İsrail’in İran’a yönelik saldırıları sonrasında başlayan çatışmalar, yalnızca bölgesel değil, küresel ölçekte yankı uyandırdı. En büyük etkilerden biri ise dünyanın enerji nabzının attığı yerlerden biri olan Hürmüz Boğazı’nda hissediliyor.
Enerji Tedarik Zincirinin Kalbi
Hürmüz Boğazı, Suudi Arabistan ve Birleşik Arap Emirlikleri gibi dev petrol üreticilerinin ihracatında merkezi bir role sahip.
Günde yaklaşık 20 milyon varil petrol ve petrol ürününün geçtiği bu boğaz, dünya genelinde deniz yoluyla taşınan ham petrolün üçte birine ev sahipliği yapıyor.

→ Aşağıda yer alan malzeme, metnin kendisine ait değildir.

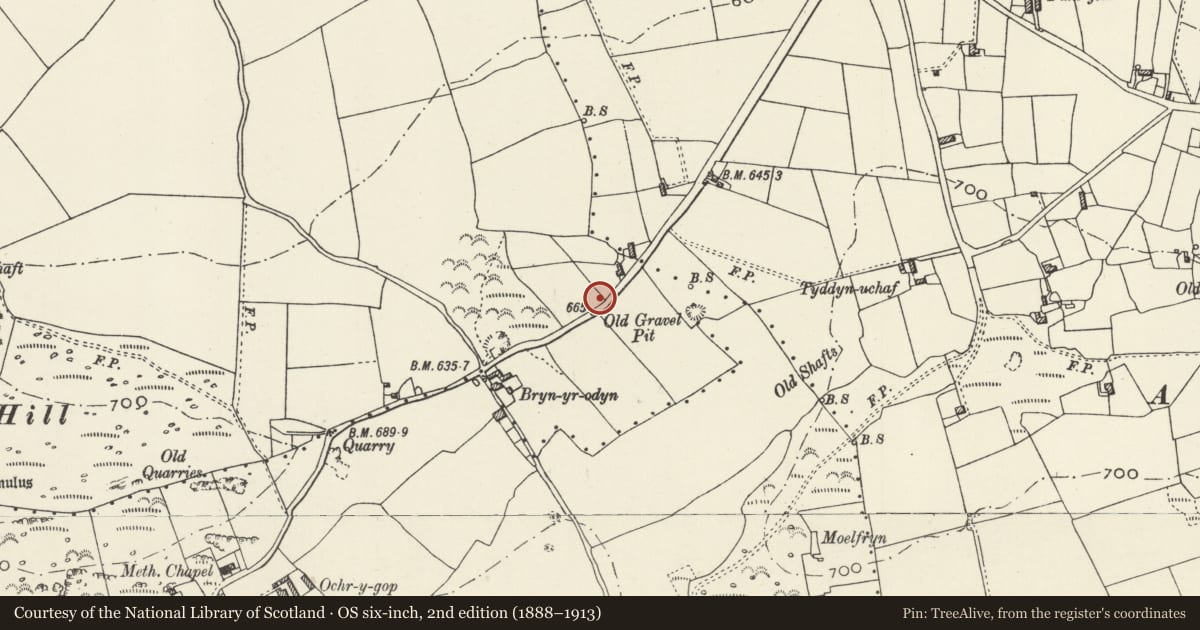 Ordnance Survey six-inch map, 2nd edition (1888–1913) covering the location of Bryn yr Odyn Round Barrow, Trelawnyd and Gwaenysgor, Flintshire, with a pin at the register's coordinates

Aynı zamanda, küresel sıvılaştırılmış doğalgaz (LNG) ticaretinin de yaklaşık %20’si bu güzergah üzerinden gerçekleşiyor.
Hürmüz Boğazı’ndan çıkan petrol ve LNG’nin büyük kısmı Çin, Hindistan, Japonya ve Güney Kore gibi Asya ülkelerine gönderiliyor. Bu nedenle, boğazdaki her türlü güvenlik riski, özellikle Asya'nın enerji arz güvenliği açısından büyük önem taşıyor.

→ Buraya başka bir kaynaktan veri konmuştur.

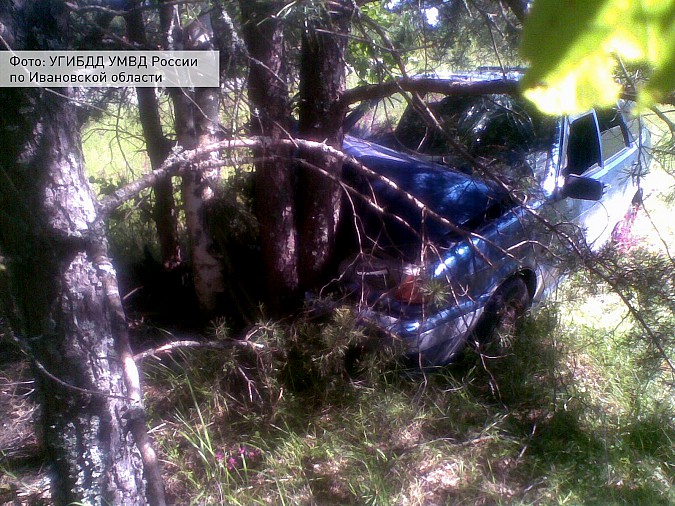 В Кинешемском районе пьяный водитель "ВАЗа" сломал нос, врезавшись в дерево фото 3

Navlun Maliyetleri Yüzde 100 Arttı
Bölgede artan güvenlik endişeleri, petrol ve doğalgaz taşıyan gemiler için sigorta ve navlun maliyetlerini hızla yukarı çekti.
Özellikle Orta Doğu’dan Çin ve Japonya’ya giden petrol tankerlerinin navlun ücretlerinde yaklaşık %100 oranında artış yaşandı.
Bu da hem taşımacılık sektöründe ciddi maliyet baskısı yaratıyor hem de nihai tüketiciye ulaşan enerji fiyatlarında artış riskini beraberinde getiriyor.